Segment Start: Supplied material

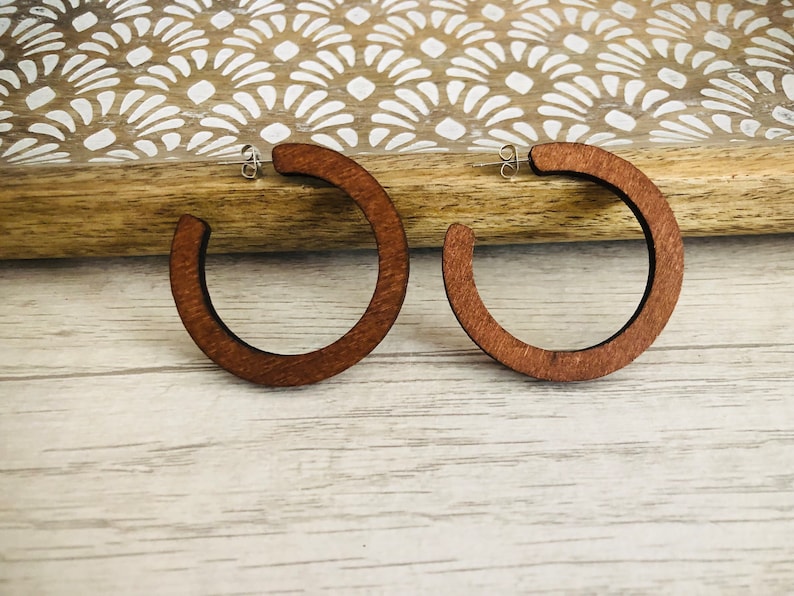Puede incluir: Un par de pendientes de aro hechos de madera de color marr&oacute;n oscuro. Cada pendiente presenta un dise&ntilde;o circular abierto con un acabado liso y un cierre de poste de metal plateado para una fijaci&oacute;n segura al l&oacute;bulo.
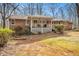 Attractive brick home with inviting front porch and well-maintained landscaping at 490 Dorsey Road Rd, Hampton, GA 30228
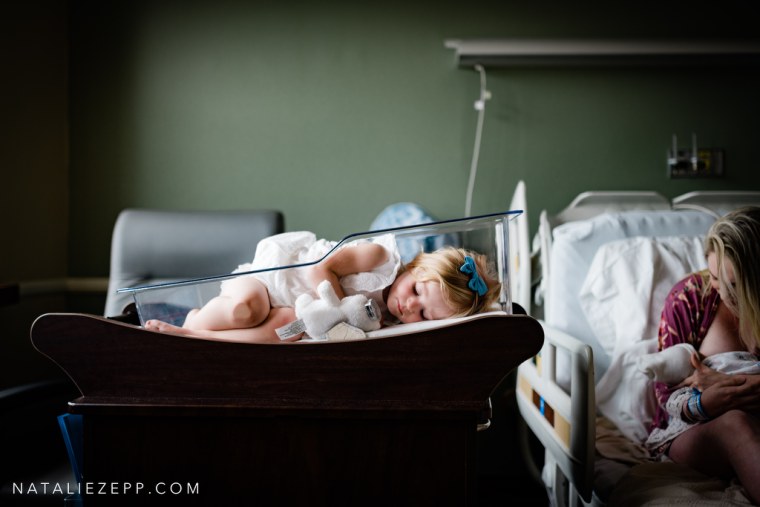 Florida photographer Natalie Zepp captured this image of a 2-year-old girl pretending to be the baby in her newborn sister's hospital bassinet.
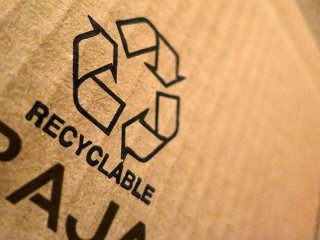 Gros plan sur un packaging écologique avec le logo du recyclage et RAJA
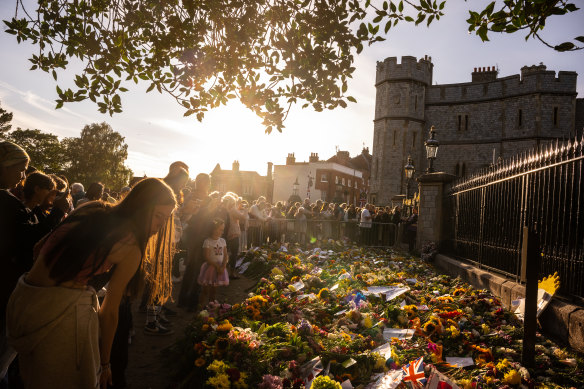 People gather at the gates of Windsor Castle to lay flowers. Queen Elizabeth II will be buried in the King George VI Memorial Chapel, within St George’s chapel in the grounds of Windsor Castle.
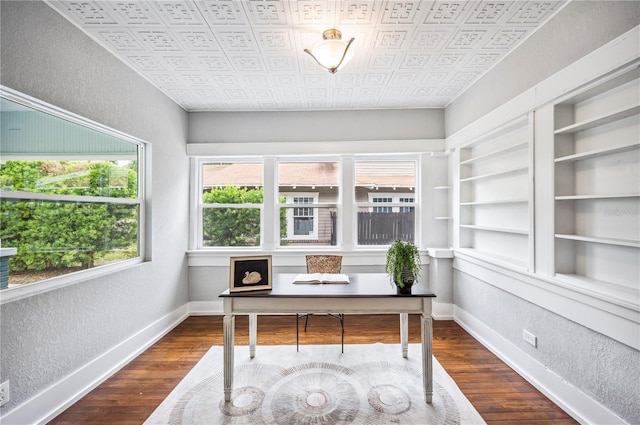office featuring a textured wall, dark wood finished floors, baseboards, and an ornate ceiling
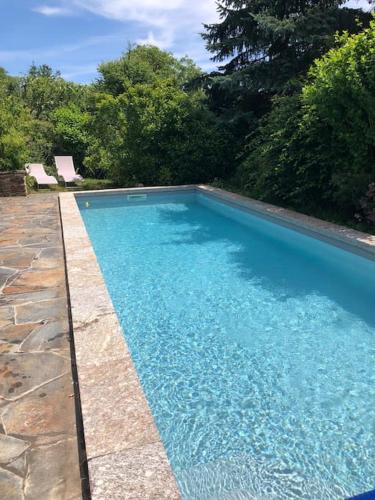une piscine avec de l'eau bleue dans une cour dans l'établissement Maisonnette de charme Les Jardins de Lou, à Boussac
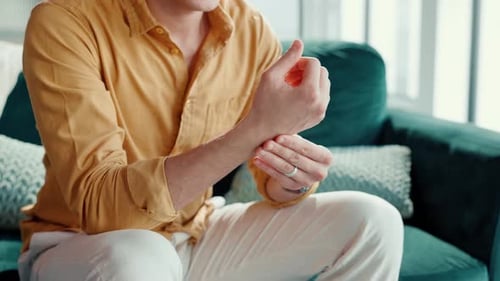 Man, hands or wrist pain in home with massage, carpal tunnel or poor blood circulation on sofa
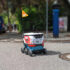Der fahrenden REWE "Lieferbot" fährt über eine Straße; Copyright: REWE Group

Segment End: Supplied material

- _Exercise_
Exactly the lines from the one holding "office featuring a" through the last line of the entries must be set down, with nothing added and no pictures.

- _Written answer_
office featuring a textured wall, dark wood finished floors, baseboards, and an ornate ceiling
une piscine avec de l'eau bleue dans une cour dans l'établissement Maisonnette de charme Les Jardins de Lou, à Boussac
 Man, hands or wrist pain in home with massage, carpal tunnel or poor blood circulation on sofa
Der fahrenden REWE "Lieferbot" fährt über eine Straße; Copyright: REWE Group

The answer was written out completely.